Two lines mark the range in the entries below: the one holding "Staple The Label" and the one holding "Abstimmung Briefkasten". Set down those two and all lines between them, exactly.

AVAILABLE DATA
===

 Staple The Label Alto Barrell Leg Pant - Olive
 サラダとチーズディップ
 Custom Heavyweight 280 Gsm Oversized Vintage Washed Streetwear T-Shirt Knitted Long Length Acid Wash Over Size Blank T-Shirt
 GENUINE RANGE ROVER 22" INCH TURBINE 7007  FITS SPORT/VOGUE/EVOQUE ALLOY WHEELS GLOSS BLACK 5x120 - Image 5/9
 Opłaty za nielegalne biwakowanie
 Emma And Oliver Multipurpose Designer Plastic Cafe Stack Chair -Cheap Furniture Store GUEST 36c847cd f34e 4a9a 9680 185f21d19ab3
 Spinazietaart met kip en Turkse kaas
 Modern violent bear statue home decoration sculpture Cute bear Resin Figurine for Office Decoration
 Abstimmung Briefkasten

===

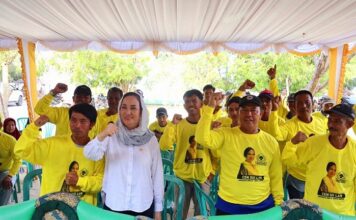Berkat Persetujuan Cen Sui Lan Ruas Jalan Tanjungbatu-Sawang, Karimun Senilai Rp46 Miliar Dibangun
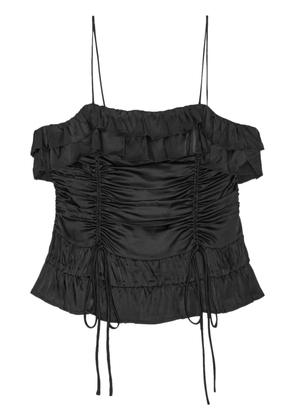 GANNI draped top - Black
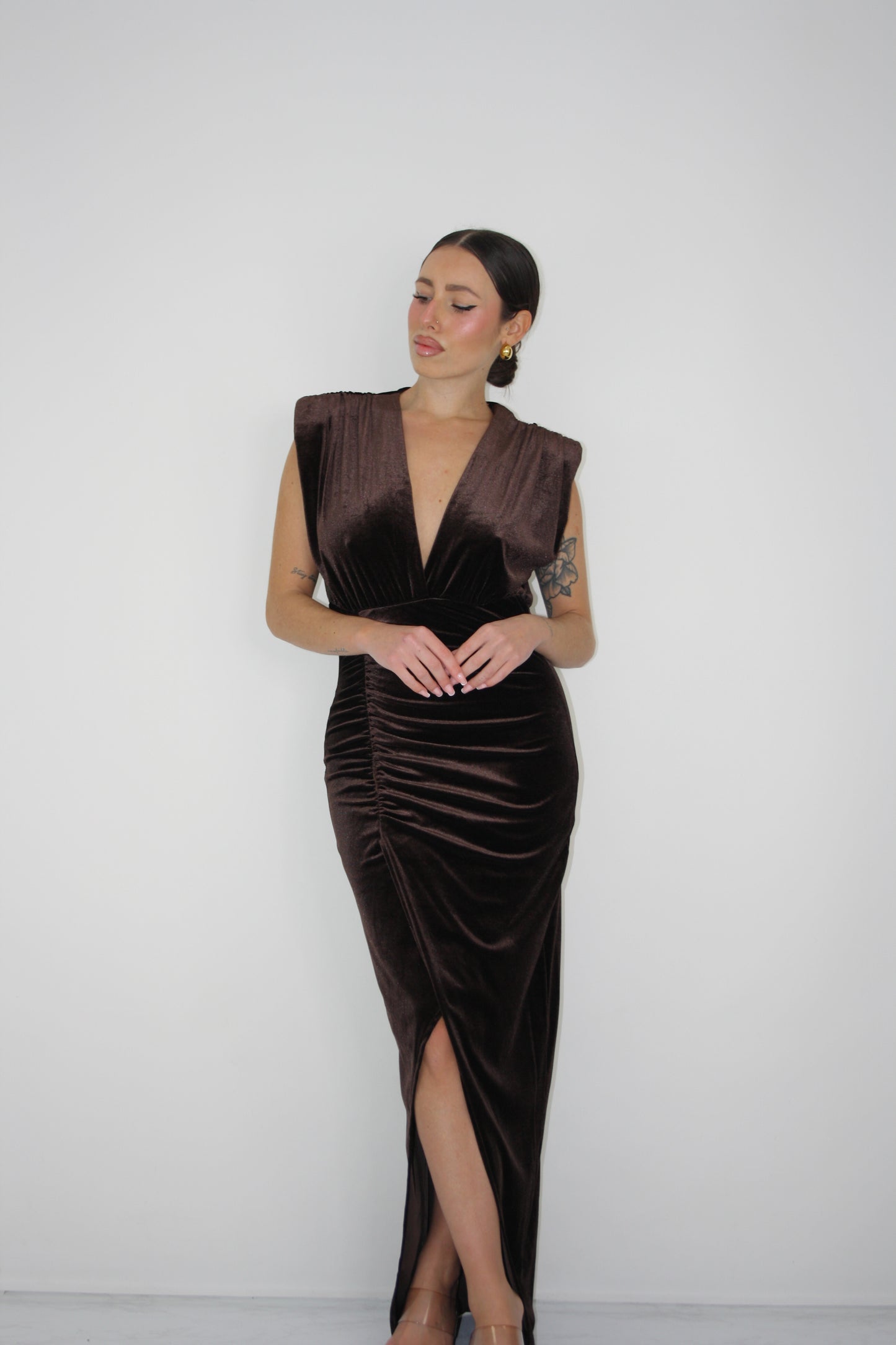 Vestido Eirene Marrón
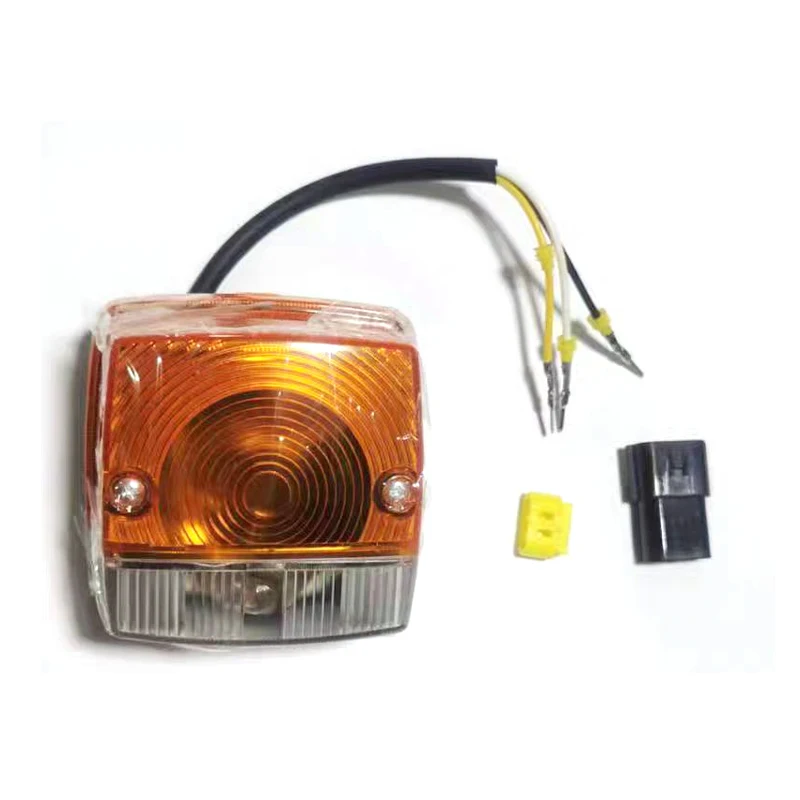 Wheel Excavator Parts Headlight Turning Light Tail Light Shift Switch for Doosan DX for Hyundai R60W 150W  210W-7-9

===

PROBLEM SOLUTION
 Staple The Label Alto Barrell Leg Pant - Olive
 サラダとチーズディップ
 Custom Heavyweight 280 Gsm Oversized Vintage Washed Streetwear T-Shirt Knitted Long Length Acid Wash Over Size Blank T-Shirt
 GENUINE RANGE ROVER 22" INCH TURBINE 7007  FITS SPORT/VOGUE/EVOQUE ALLOY WHEELS GLOSS BLACK 5x120 - Image 5/9
 Opłaty za nielegalne biwakowanie
 Emma And Oliver Multipurpose Designer Plastic Cafe Stack Chair -Cheap Furniture Store GUEST 36c847cd f34e 4a9a 9680 185f21d19ab3
 Spinazietaart met kip en Turkse kaas
 Modern violent bear statue home decoration sculpture Cute bear Resin Figurine for Office Decoration
 Abstimmung Briefkasten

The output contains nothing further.